Thursday, March 26, 2015

CIFF: 'Just Eat It' Examines Food Waste

Grant Baldwin looks out over a dumpster of perfectly good hummus
(photo courtesy of Just Eat It: A Food Waste Story).

If you've ever avoided an imperfect-looking apple at the grocery store, filmmaker Grant Baldwin's examination of food-waste culture will make you realize that desire for aesthetic perfection is part of the problem. But it's only one dimension of a multifaceted quandary that Baldwin's quick-moving and insightful 74-minute film Just Eat It: A Food Waste Story does an excellent job explaining for those of us with last week's leftovers still hanging out in the back of the refrigerator. 

The Canadian filmmaker's documentary is built on a simple premise: Baldwin and his wife eat nothing but discarded food for a full six months. They start with a box of leftovers supplied by Baldwin's brother as he's cleaning out his home prior to a move, but it's not long before the couple are dumpster-diving for their daily menu.
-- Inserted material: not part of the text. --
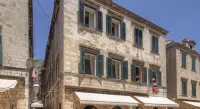 Palmotta Palace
What they find extends far beyond the expected questionable-looking bags of lettuce and reveals a much deeper and disturbing side to the amount of perfectly fine food that is tossed away due to either store policy, appearance or mere convenience. In some cases — such as the discovery of a "small swimming pool"-sized dumpster full of hummus that still has more than three weeks of shelf life left — Baldwin can't decipher the reason for the waste. 

But the film goes beyond the food experiment at its core, talking to farmers, food processors and the like about the waste that is inherent in our food production. It starts in the field and wasteful practices continue up the chain to our homes, where an estimated 25 percent of the food we buy from the grocery store ends up in the trash.

Just Eat It is an eye-opening examination of our attitudes toward food. By the end, you'll never look at that bumpy grocery store apple the same way again. 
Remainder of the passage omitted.